__Assigned task__.
Only the text carries over: repeat the records exactly and drop the images.

__Data section__.
----------------

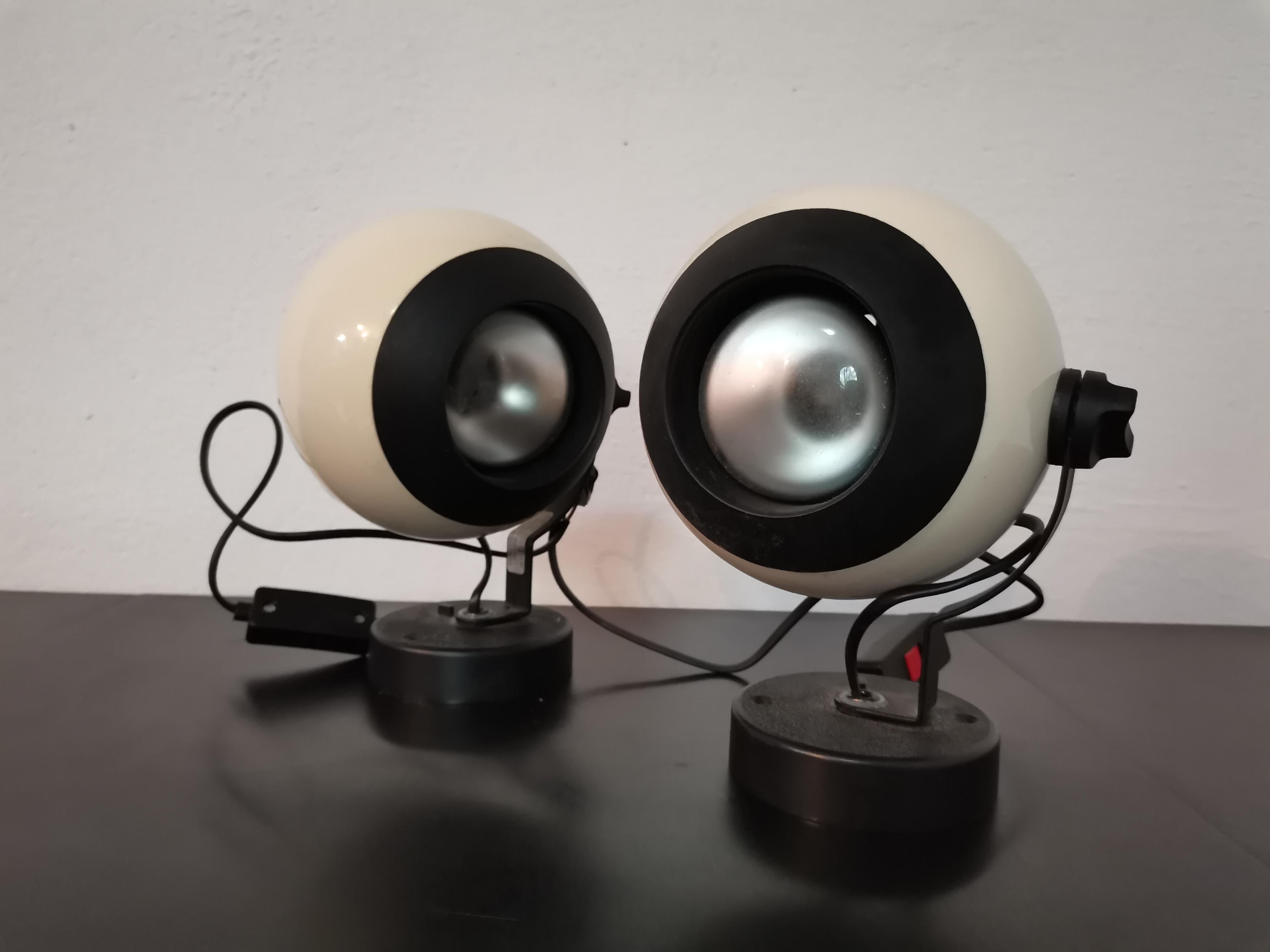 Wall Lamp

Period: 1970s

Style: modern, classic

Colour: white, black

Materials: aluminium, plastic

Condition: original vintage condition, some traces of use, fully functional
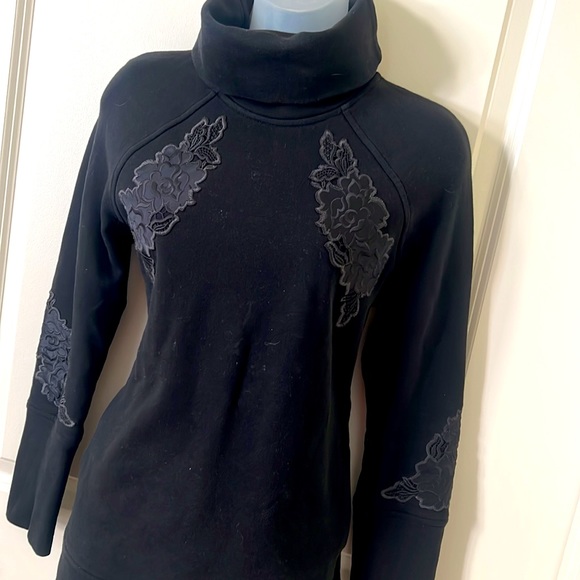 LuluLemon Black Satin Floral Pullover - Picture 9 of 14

----------------

__Worked solution__.
 Wall Lamp

Period: 1970s

Style: modern, classic

Colour: white, black

Materials: aluminium, plastic

Condition: original vintage condition, some traces of use, fully functional
 LuluLemon Black Satin Floral Pullover - Picture 9 of 14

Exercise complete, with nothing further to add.